I think more detail to your question would be useful. But let me try a naive approach to answering your direct questions assuming you have some standard business process application.

  • Is it architecturally sound to inject domain services directly into the infrastructure layer for processing data?

No. If anything it should be the other way around, or (see my other answer to this similar question : Should domain services in a domain-driven design invoke the data warehouse interface?) not at all.

the core logic of your domain shouldn't care about what happens before and after processing the data.
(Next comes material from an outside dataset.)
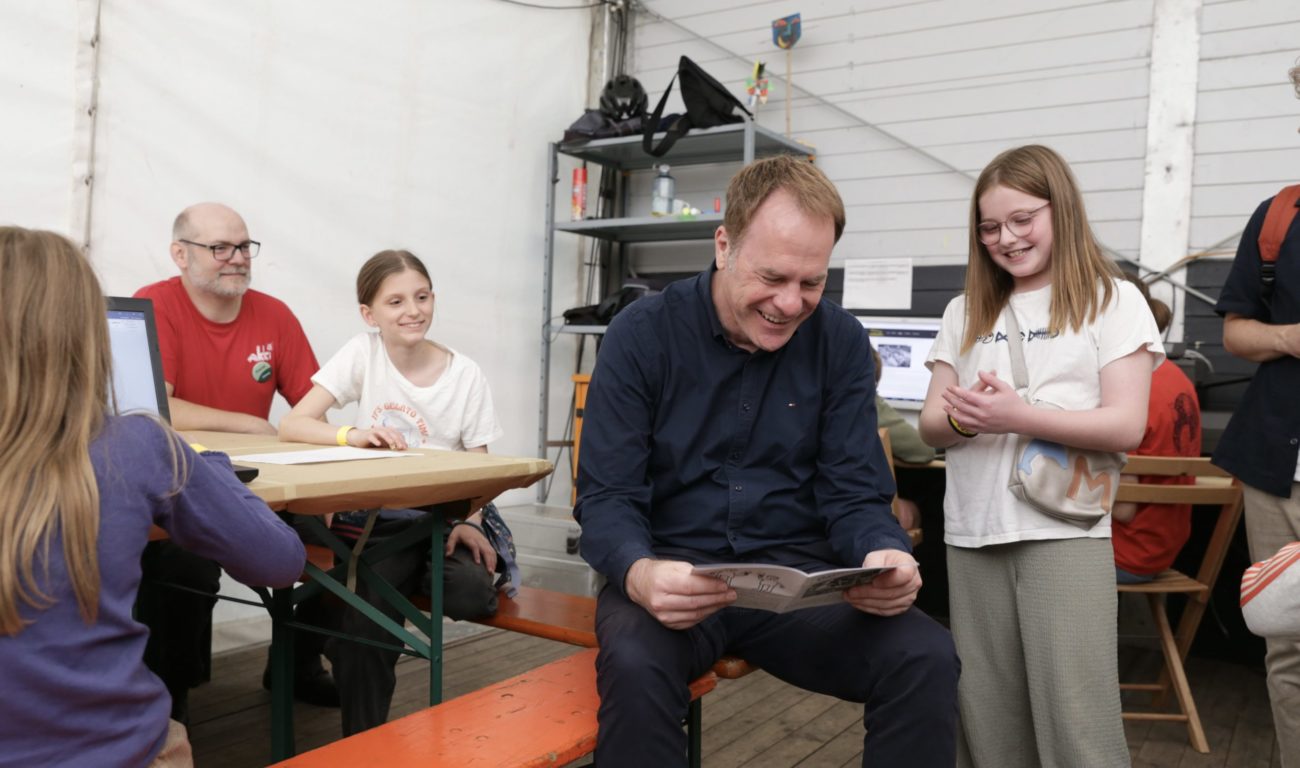 Mina zeigt Keller die aktuelle Ausgabe der Düsseldörfchen-Zeitung. (Foto: Landeshauptstadt Düsseldorf / Ingo Lammert)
You should try and make it work purely in memory on your domain objects.

  • If direct injection is not advisable, what is the best practice for allowing the infrastructure layer (communication protocols) to interact with domain logic without violating the principles of Clean Architecture and DDD?

The infrastructure layer should not contain or call your domain logic.

The infrastructure layer should contain stuff that deals with sending your data over the wire, saving it to disks, calling external services etc

  • Would using domain events or interface-based communication be a better approach in this scenario? How would this be structured effectively?

For you scenario of "get incoming data, process it, send it out again" you should structure you application as follows

public main()
{
   while(1==1)
   {
     var dataIn = Infrastructure.IncomingClient.Get();
     var processedData = Domain.Dataprocessor.Process(dataIn);
     Infrastructure.OutgoingClient.Send(processedData)
   }
}

There is no obvious need to inject anything into anything else.

Now If you want to wrap this application up in some object, call it a "Use Case" and run it from an even simpler application, then sure have it reference interfaces for the various objects and inject them. Then your references all flow in the right direction.